* WHAT THE EXERCISE ASKS *
The answer is the data repeated in full, with no pictures included.

PROVIDED MATERIAL START

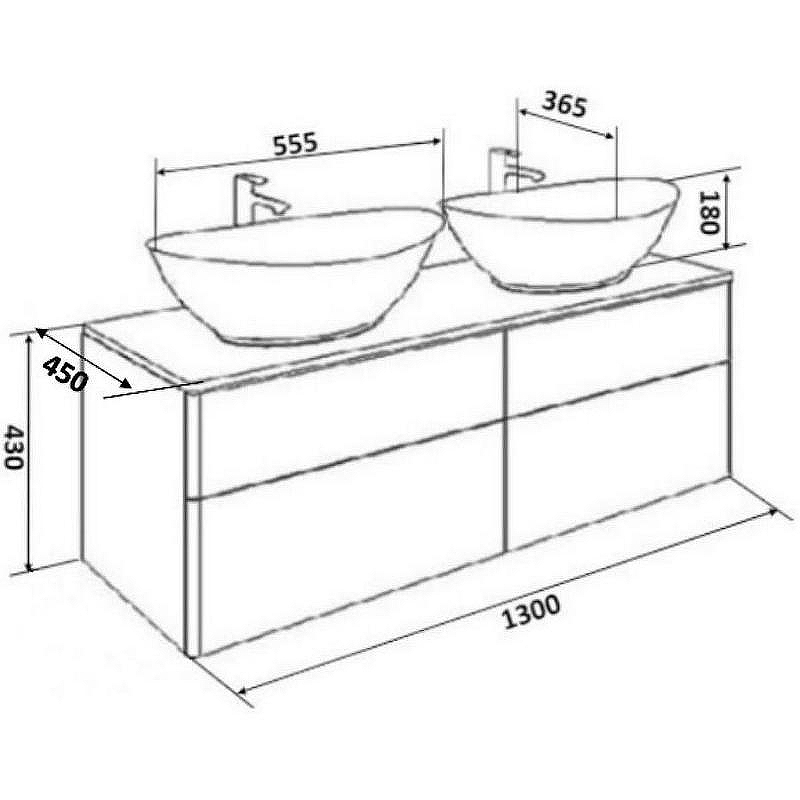 Тумба под раковину Orange Otto Ot-130TuMDF подвесная Белый глянцевый, купить, цена, заказать, магазин, доставка, скидка, промокод, купить, цена, заказать, магазин, доставка, скидка, промокод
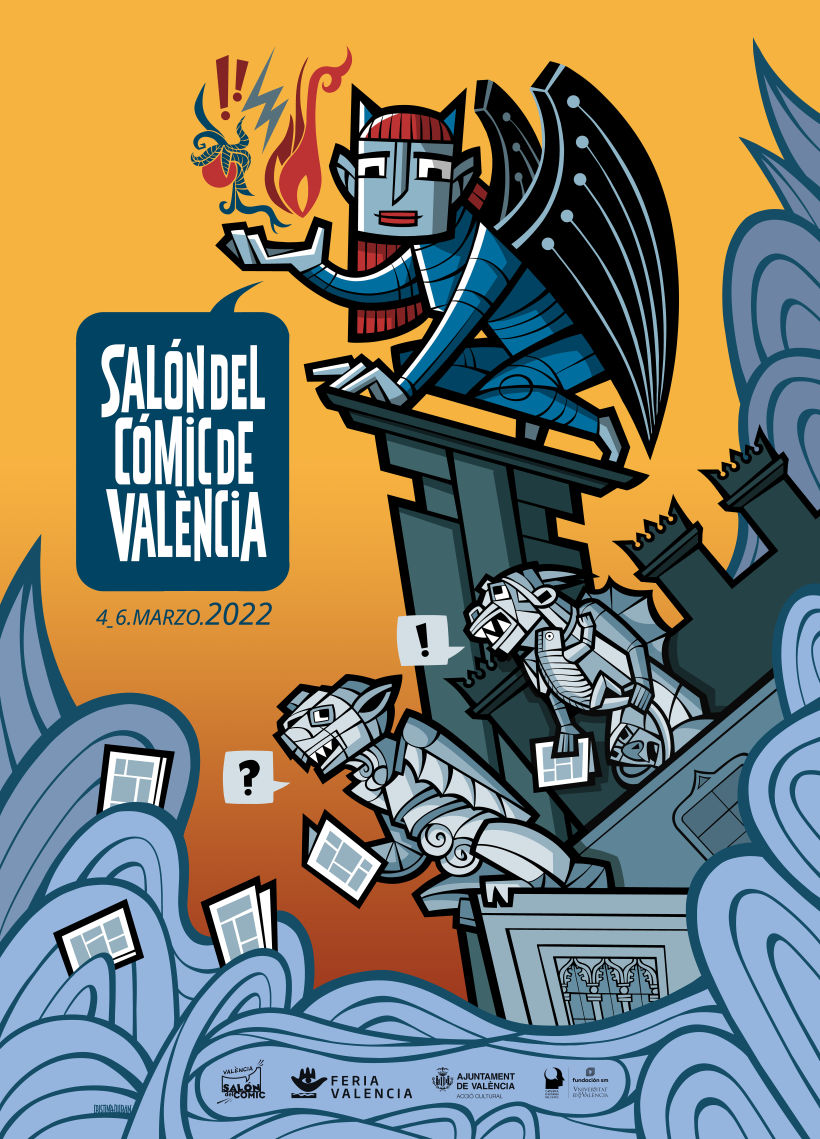 Cartel SALÓN DEL CÓMIC DE VALENCIA 2022 1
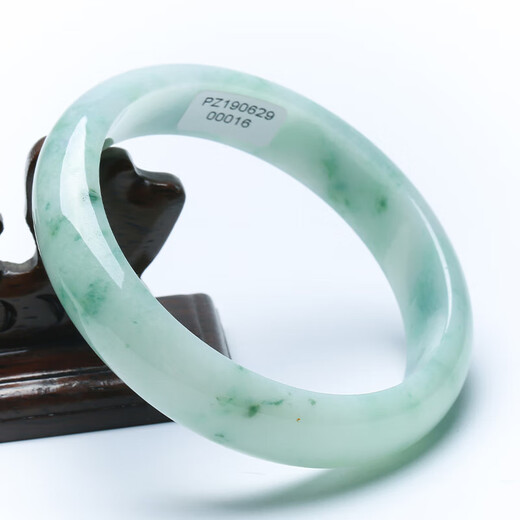 Yixin Jade returns to the market on 11.11. Grade A jadeite bracelet. Ice-waxy jadeite floating flower jadeite bracelet. Inner diameter is about 57-58mm.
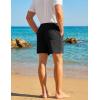 image:imageTACVASEN Mens Casual Shorts Waffle 5 Elastic Waist Drawstring Summer Beach Shorts Moisture Wicking SweatShortsBlack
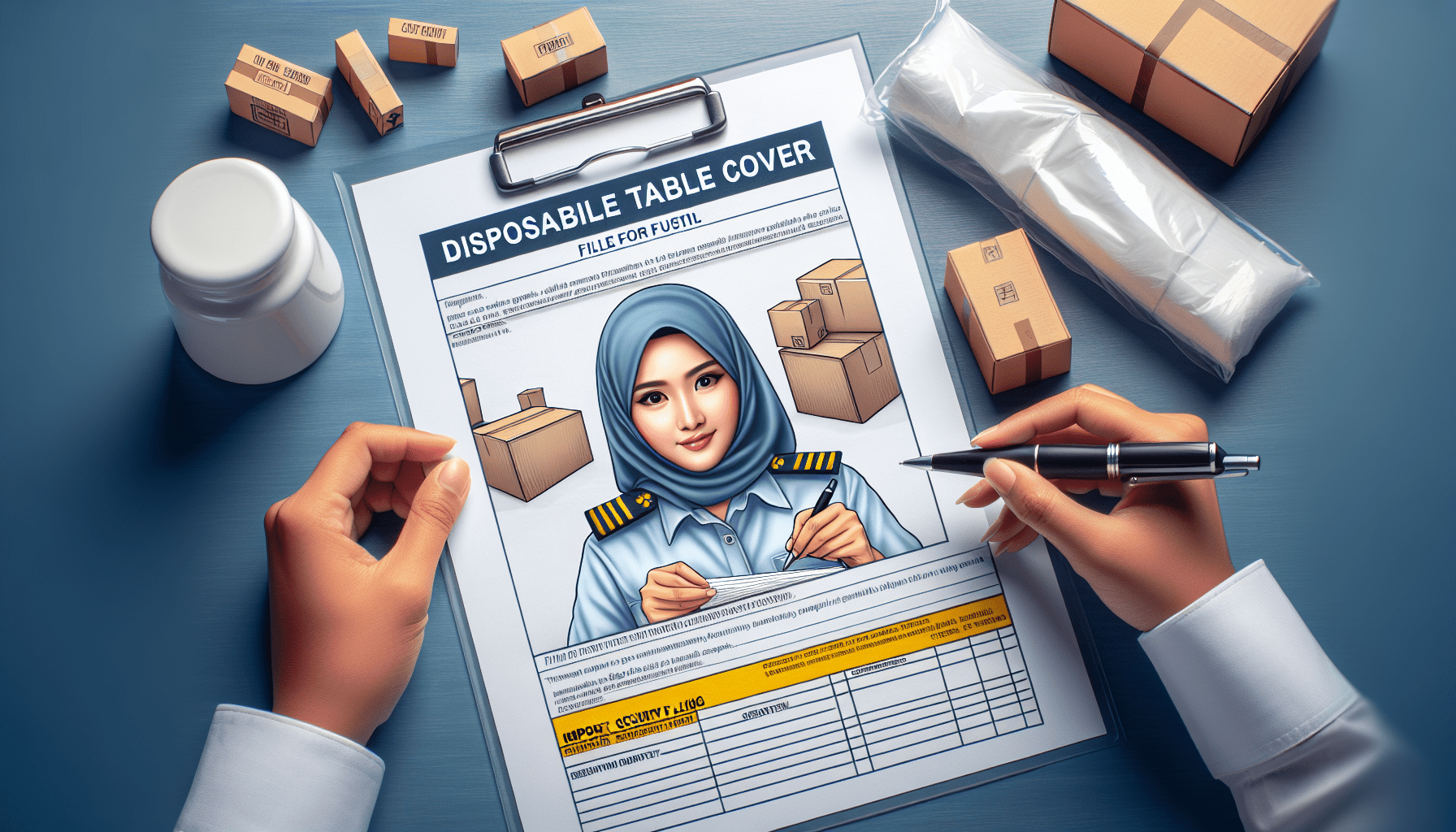 Who File ISF For Disposable Table Covers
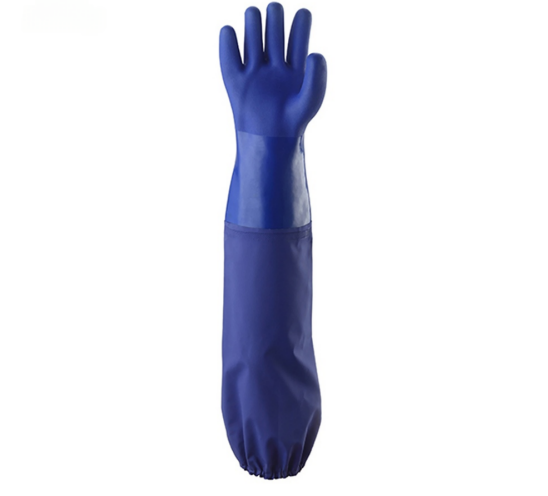 Long pvc chemical resistant glove3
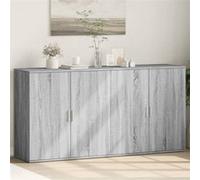 vidaXL - Buffets 2 pcs Sonoma gris 79x38x80 cm bois d'ingénierie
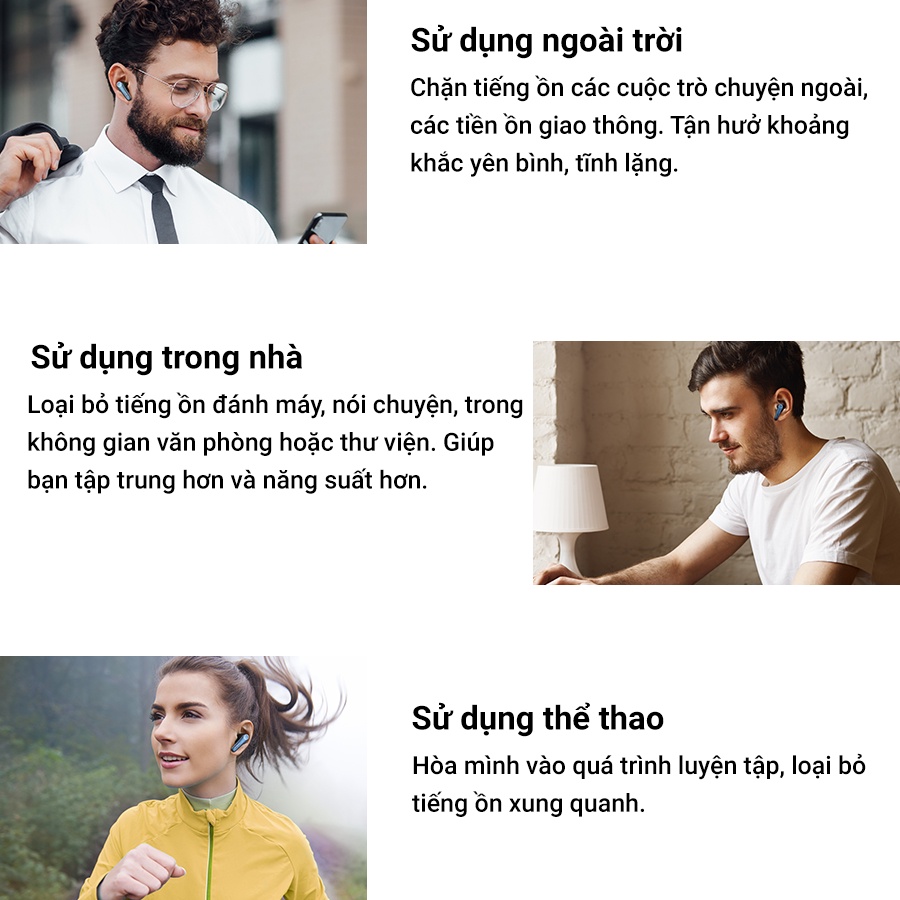Mô tả Tai nghe Bluetooth True Wireless Earfun Air Pro 3 lọc gió chống ồn ANC 6 micro bluetooth 5.3 nghe 9h - 4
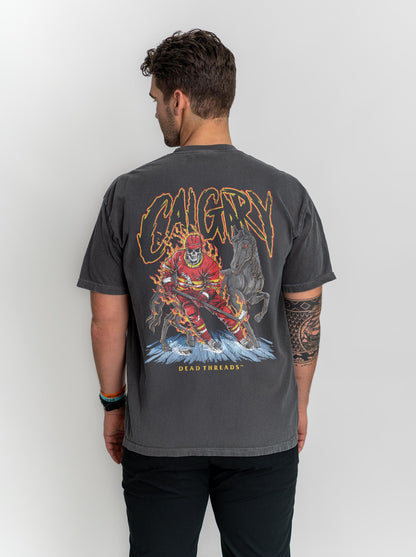 CALGARY HOCKEY - “3 SKULL” PREMIUM T-SHIRT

PROVIDED MATERIAL END

* RESPONSE BOX *
 Тумба под раковину Orange Otto Ot-130TuMDF подвесная Белый глянцевый, купить, цена, заказать, магазин, доставка, скидка, промокод, купить, цена, заказать, магазин, доставка, скидка, промокод
 Cartel SALÓN DEL CÓMIC DE VALENCIA 2022 1
 Yixin Jade returns to the market on 11.11. Grade A jadeite bracelet. Ice-waxy jadeite floating flower jadeite bracelet. Inner diameter is about 57-58mm.
 image:imageTACVASEN Mens Casual Shorts Waffle 5 Elastic Waist Drawstring Summer Beach Shorts Moisture Wicking SweatShortsBlack
 Who File ISF For Disposable Table Covers
 Long pvc chemical resistant glove3
 vidaXL - Buffets 2 pcs Sonoma gris 79x38x80 cm bois d'ingénierie
Mô tả Tai nghe Bluetooth True Wireless Earfun Air Pro 3 lọc gió chống ồn ANC 6 micro bluetooth 5.3 nghe 9h - 4
 CALGARY HOCKEY - “3 SKULL” PREMIUM T-SHIRT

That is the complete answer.